Жену, сказывали, насильно постригли в монахини, а сына Мишаню отдали в челядинскую на княжьем дворе. Такого Акинф простить не мог. Со всей злобой, на какую способна душа, он жадно надеялся когда-нибудь отомстить обидчикам с помощью тверского князя. Затем к нему и пришел, оттого и не упускал случая поклепать на московских князей, все уши Михаилу пропел про ненависть, какую с тех пор, как умер их батюшка, оставив без права наследования великого княжения, лелеют к нему братья Даниловичи.
«Да, батюшка-то их сильно обезнадежил. Только при чем же здесь я?..» Все понимает Михаил Ярославич, знает, как клянут его теперь на Москве, однако, покуда он с московскими племянниками держит мир, не пристало ему за общим столом хаять их за глаза. Или слушать, как другие их хают при нем, что в общем-то одно и то же. Да и устал он от боярских наветов, а особенно от Акинфовых. У злобы известно какая мера: чего ни скажи — все мало кажется…
— А так ли у нас говорили, Акинф Ботрич, что Князев терем, мол, по московской указке пожгли? — полюбопытствовал кто-то неосмотрительно.
Во-первых, спросить о таком у Ботри все равно что сухих веток в костер подбросить, во-вторых, о том пожаре уж думать забыли, а в-третьих, князь не любил, когда о нем поминали.
Акинф оживился, потянулся одной рукой за чашей, другой начал вытирать сальные, влажные губы, при этом важно закивал головой, обещая поведать чрезвычайное и спеша протолкнуть через горло обильный мясной кусок.
— Ум… эм… — Густо-утробно пробурчал он и начал было глаголить при полном внимании: — Вестимо, оне! Однако то не Юрий пожегщика посылал, а Ванька, ну, Иван то бишь, — поправился Акинф, быстро взглянув на князя, — Он, змей ядомудрый, удумал то…
— Доказано? — усмехнулся Михаил Ярославич.
— Не доказано, а чую я! — будто озлившись, выкрикнул Акинф. — Более некому!..
— Не уму ты ныне подвержен, Акинф Ботрич, а злобе.
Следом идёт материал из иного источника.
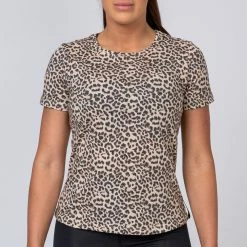 Muscle Nation Classic Womens Tee - Yellow Leopard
Молчи! — махнув рукой, оборвал его Михаил Ярославич и обратился к боярам: — Что это, бояре, вы все про Москву любопытствуете? Чай, мы на Твери живем. И нынче у нас не Тризна, а пир во крещение младенца Василия, — пошутил он и, весело взглянув на жену, сидевшую от него по левую руку, будто бы закручинился: — Чтой-то нам с княгиней давно славы не пели родителевой? Ох, скучно мне…
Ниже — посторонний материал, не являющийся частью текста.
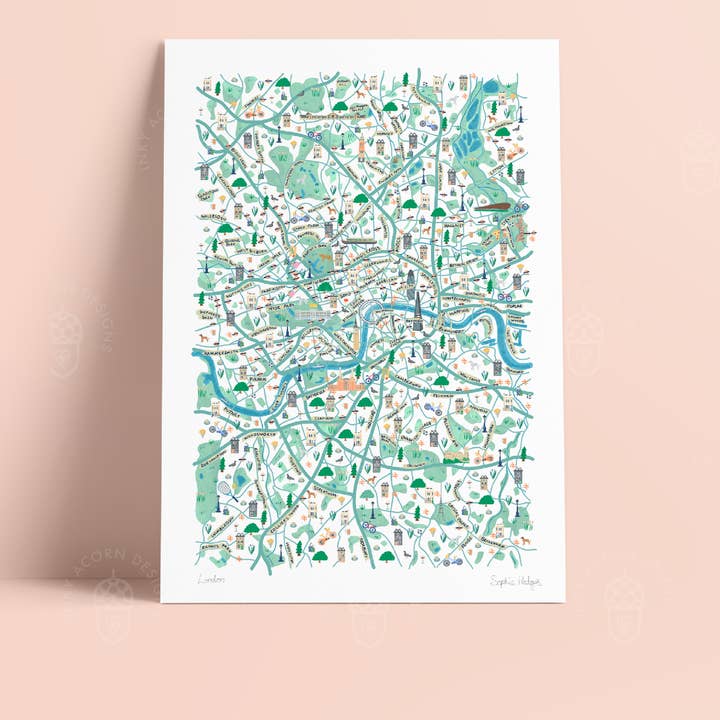 Inky Acorn Designs - Wholesale Art Print - London Map Signed Art Print3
За лавками возле столов, выставленных в больших горных сенях буквицей «паки», зашумели, задвигались, потянулись к братинам с медами и разными винами, девки да виночерпии засуетились, забегали, оживляя стол новыми сосудами и блюдами с яствами.
Наконец полные чаши заплескались в руках, теряя изрядные капли, и ближние бояре да окольные, собравшиеся в этот праздничный день у князя, закричали славу и здравицы Михаилу Ярославичу, княгине. Анне и новокрещеному их сыну младенцу Василию. Правда, Василий того не ведал, а спал покуда праведным сном в плетенной из лыка зыбке, оберегаемый от залетных мух заботливой молодой и грудастой мамкой. Однако славу кричали так долго и громко, что ближним ответили дальние, а дальних оказалось гораздо больше: почитай, вся Тверь стеклась на княжий двор поздравить князя с крестинами. Кто не поленился — всяк пришел. Известное дело, чего людям надо: выпить в веселый день да поорать от душевной полноты и любви к своему государю, коли она есть — та любовь. Так что славу пели хоть нестройно, но громко, не жалея глоток и сил.
От медуш и бретьяниц[79] катили новые бочки, от поварен взамен опустелым тащили дымные, парные котлы с разваристым мясом и кашами.